Menurut dia, pemerintah cukup berhati-hati dalam menetapkan kebijakan negara utamanya yang berkaitan dengan daya beli masyarakat. Askolani pun enggan memberikan kepastian meski sudah terdapat beleid resmi yang menetapkan bahwa pungutan cukai terhadap dua barang tersebut bisa dilakukan mulai tahun depan.
“Memang dalam Undang-Undang APBN 2022 di turunan regulasi Perpres 104/2021 kita merencanakan salah satu penerimaan cukai itu berbasis kepada plastik dan minuman berpemanis. Tapi kemudian tentu saja pemerintah akan melihat secara seimbang dengan kondisi aktual yang akan dihadapi apakah kebijakan itu akan dilaksanakan atau tidak,” ujarnya melalui saluran virtual, Selasa, 21 Desember.

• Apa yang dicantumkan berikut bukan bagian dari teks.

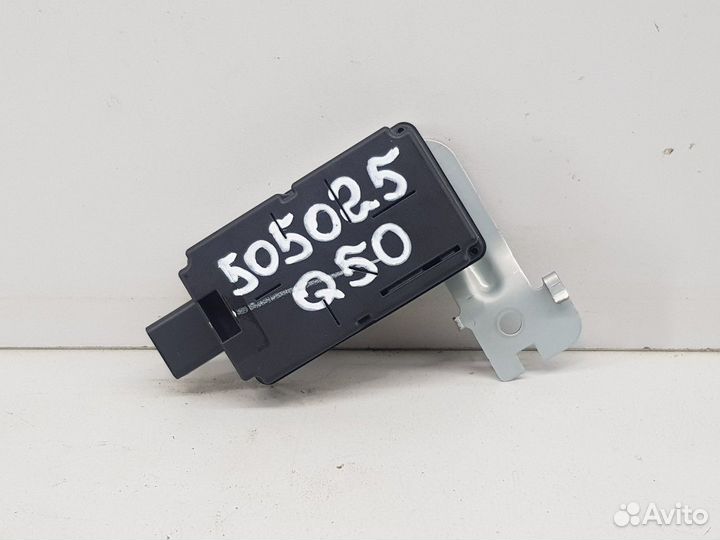 Электронный блок (Infiniti Q50)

Askolani menambahkan, salah satu telaah lain yang butuh perhatian khusus adalah masukan dari para pelaku ekonomi.
“Tentunya pemerintah akan sangat mempertimbangkan dengan kondisi pemulihan ekonomi, kondisi dunia usaha yang harus diperhatikan dengan seksama,” tuturnya.
BACA JUGA:
Sebagai informasi, pemerintah merespon UU APBN 2022 dengan membuat regulasi turunan dalam Peraturan Presiden (Perpres) Nomor 104 Tahun 2021.
Disebutkan bahwa besaran pungutan bagi plastik adalah senilai Rp30.000 per kilogram atau Rp200 per lembar plastik. Sementara untuk minuman berpemanis seperti minuman teh kemasan, soda, kopi, minuman berenergi, dan konsentrat direncanakan pengenaan cukai Rp1.500 sampai dengan Rp2.500 perliter.
Adapun, target penerimaan cukai dari dua barang konsumsi ini diproyeksi mampu menyentuh angka Rp1,5 triliun dalam satu tahun masa pajak.